Having survived the numerous dangerous situations and established a governing force in the world of the once-MMO Elder Tale that he and the other adventurers have been trapped in, the only way for Shiroe to look is forward. Although there is relative peace in Akihibara, enemies from abroad threaten to break the tranquility with destruction, and even insidious forces seek to destroy the new world order from the inside as well. As Shiroe becomes aware of new enemies, the ‘villain-in-glasses’ prepares to face further trials.
Log Horizon’s premise has always been one that has the potential to end up incredibly derivative, but the primary way the show has been able to differentiate itself has been how it has expands upon its initial ideas. The world of Elder Tale is an incredibly large and complex universe, and it’s one that is explored both physically in terms of land masses and technically in terms of the MMO aspects. The first season did an excellent job of this, and honestly I was unsure if there was enough for the second season to achieve a similar level of exploration.

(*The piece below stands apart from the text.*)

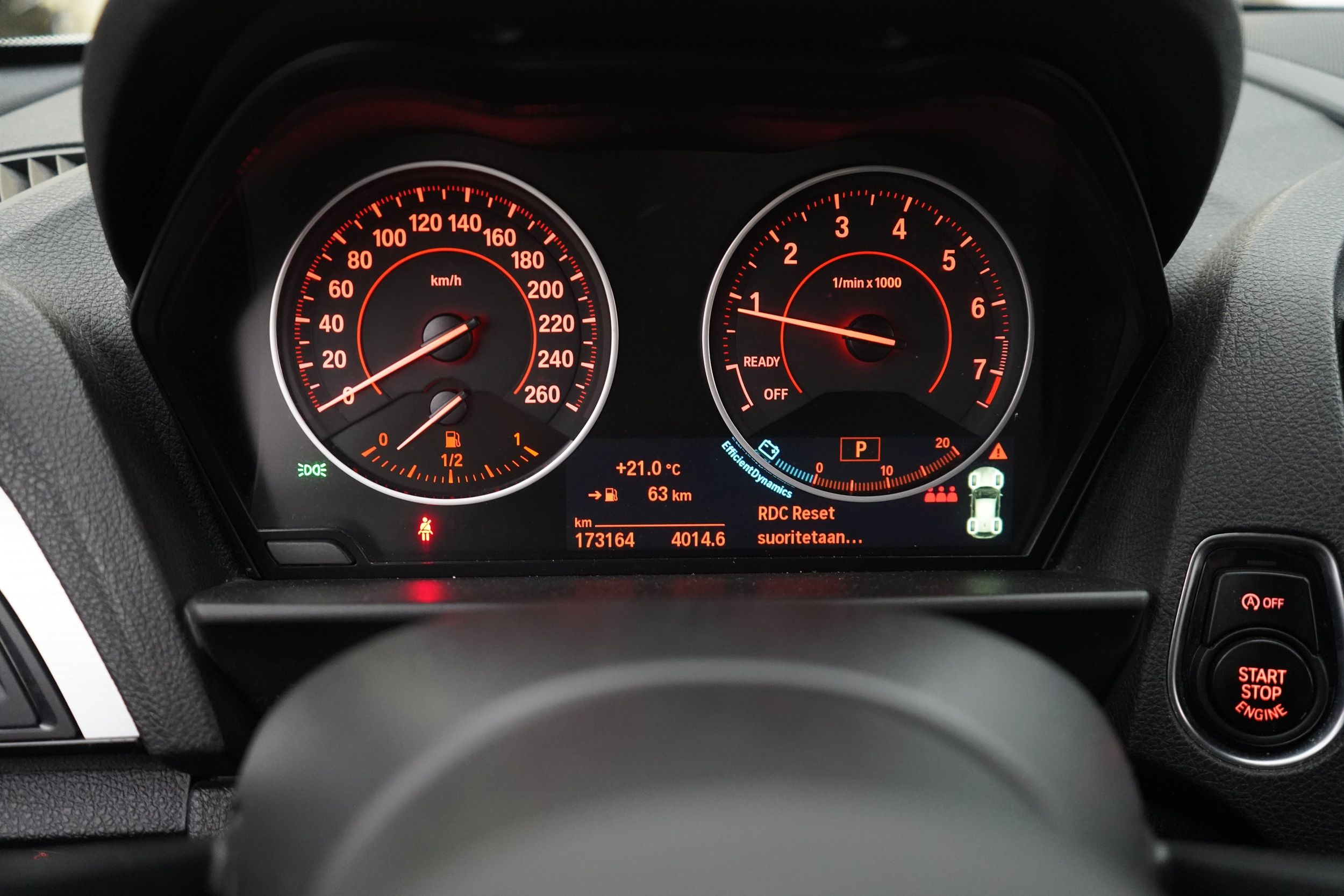 BMW 118 2015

Thankfully, this is still the area that Log Horizon excels in in this second season; there is still a great amount of detail explored that was previously not considered, from the source of gold to the in-game item descriptions to the continued political drama. This world building remains enjoyable, and continued throughout the entirety of the second season.
The other area that Log Horizon has always impressed me with is the battles, but not for the conventional reasons of many other anime. Instead of focusing on intense action (not something inherently bad, I quite enjoyed this aspect of Sword Art Online for what it was), Log Horizon instead emphasizes the way in which the characters accomplish their feats in combat as they happen, and does so using its MMO context.

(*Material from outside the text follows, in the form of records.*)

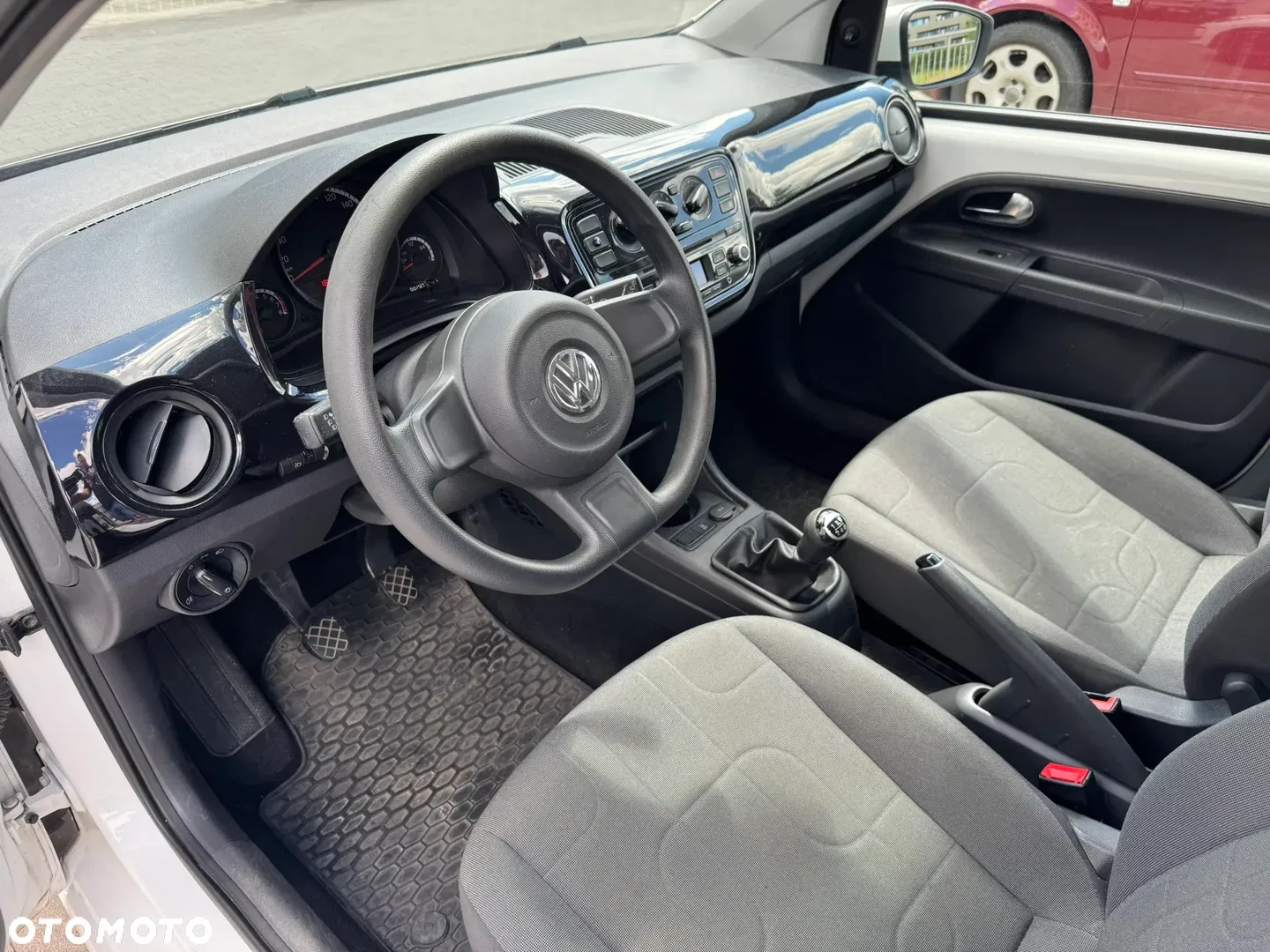 2015 Volkswagen up! 1.0 move EU6, photograph 10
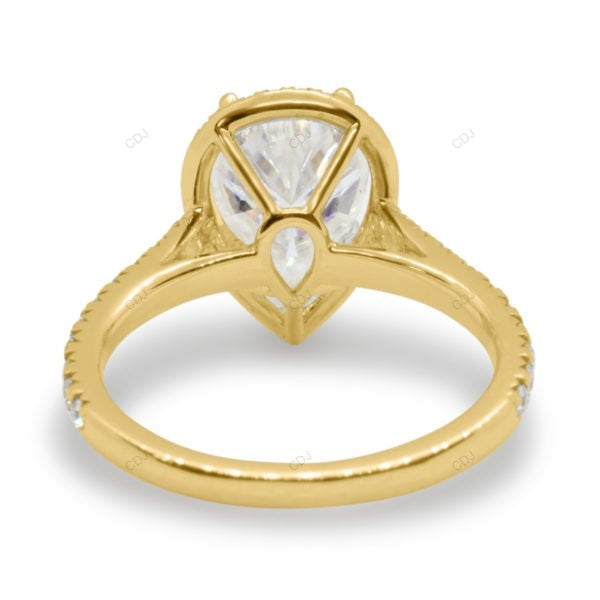 Pear Cut Lab Grown Diamond Classic Style Gold Ring
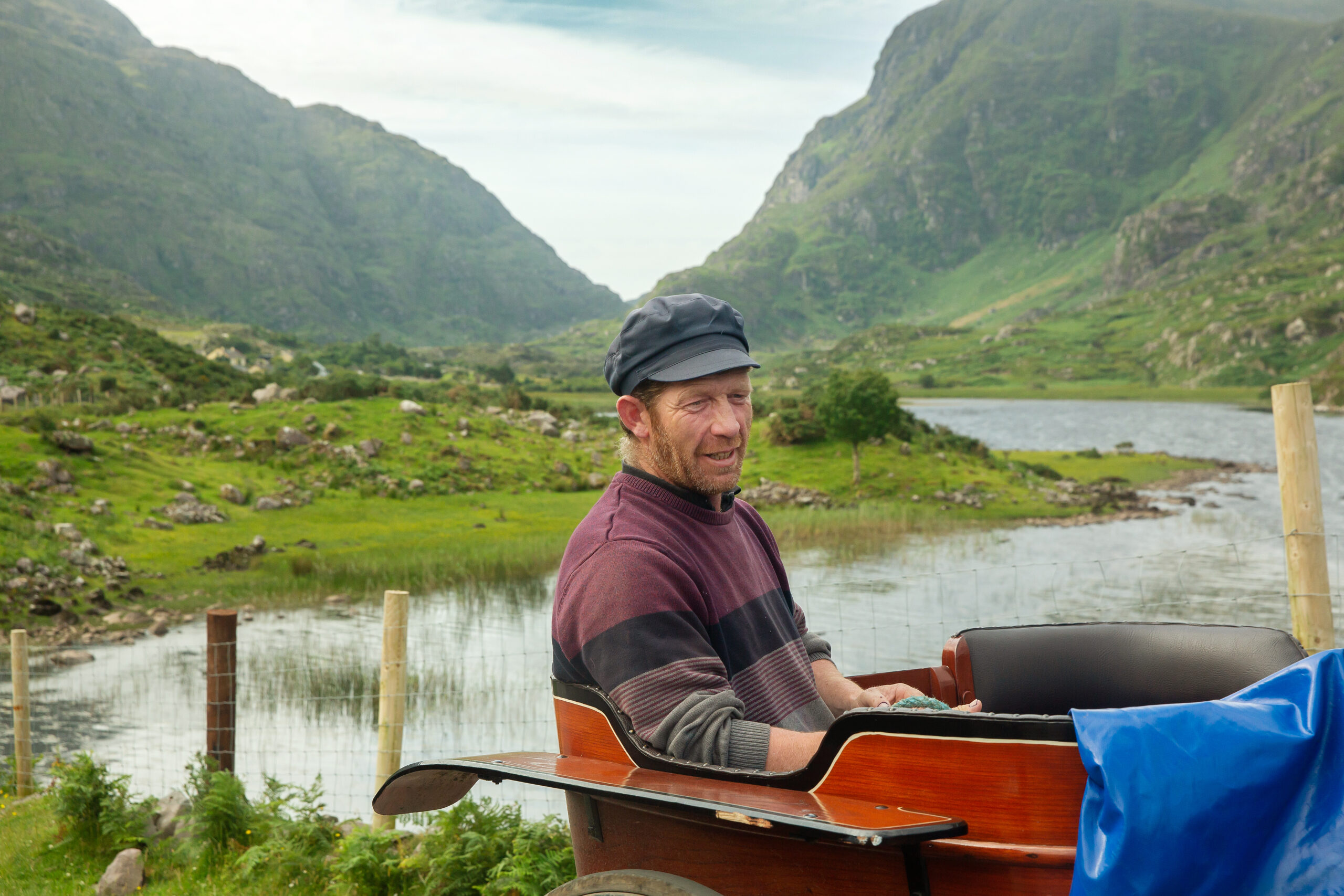 Fotoreise Irland – Kutscher im Gap of Dunloe, dem 11 km langen Gebirgspass zwischen Macgillycuddy’s Reeks und Purple Mountain in County Kerry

The main character Shiroe is a strategist, and employs tactics he used previously when Elder Tale was a game to clear battles even when he is in the game itself. Watching this virtual game of chess is a relatively unique experience given the context it takes place in, and is most definitely a strong point from before that continues and is even amplified at certain times in the second season.
For all that Log Horizon does right in the relatively big picture, it also fails at in individual interactions. A show that does not emphasize character interaction is not inherently bad, but it is frustrating when such a series attempts to do so anyways and doesn’t succeed. This is a fault in Log Horizon that appeared towards the end of the first season (after we had become accustomed to the characters) and perpetuated in the second.
The problem can be broken into two distinct areas: character relationships and regular interactions. The relationships themselves are problematic in the sense that they don’t really progress. In his review of the first season, Dex pointed out the emphasis on the love pentagon formed in the final arc, and it is just one of many examples of unchanging relationships that make zero progression throughout the second season.
This issue is part of what causes the second area of concern, namely the daily interactions. Because relationships aren’t really progressing, the way the characters interact with each other remains proportionally static. The same lame bits are reused over and over again, and it gets a bit annoying. To compound this, newly introduced characters in the second season are also hit-and-miss (frankly, Tetra’s whole bit with Naotsugu wasn’t funny for me the first time and was even less amusing the hundredth). Overall, the character behavior could use some work, but it is worth noting that there are plenty of times where there are new and interesting developments, and the comedy sometimes works out (see the above gif). They just don’t entirely cover the less interesting ones.
The first of the most frustrating issues is one that actually contributes to the next. Throughout the second season, I had a strange feeling that the first season had been handled better. A large portion of this sense is due to the pacing of the series, pacing whose velocity sometimes seems to approach zero. What I mean by this, in essence, is that Log Horizon 2 has an incredibly slow-moving story.
The relatively fast-paced political and social drama of the first season was what made the other positive elements shine, and without the same swiftness the second season suffers. The first half of the season in particular felt incredibly drawn out, and there was even a point where an entire twenty-four minute episode was spent with a raid leader giving what basically amounted to a speech of encouragement. It is worth noting that the show manages to pick itself up a little bit towards the end, and the pacing becomes less of a problem.
The biggest fault of Log Horizon 2 amounts to a pre-school level of analysis: it’s boring. The problem with the failings in the realms of character interactions and pacing is that together combined with other frustrating elements such as long annoying story lines (angsty Akatsuki from the first story arc in particular), they make for a show that is very difficult to finish, especially if being marathoned.
Something that is both slow and stagnant IS inherently difficult to push through, and although there are many interesting elements within the show, I think that even for fans of the original season it can be moderately difficult to watch at times.
Overall, Log Horizon 2 does not quite stand up to the impressive level of the previous season. While some of the earlier strengths, namely the world-building and strategy, are still present, it has quite a few glaring flaws that make it difficult to get through for many potential viewers. However, if you are willing to fight through the tougher parts, Log Horizon 2 can dust itself off and prove to still be an interesting anime.
Log Horizon 2 is available for free and legal streaming on Crunchyroll.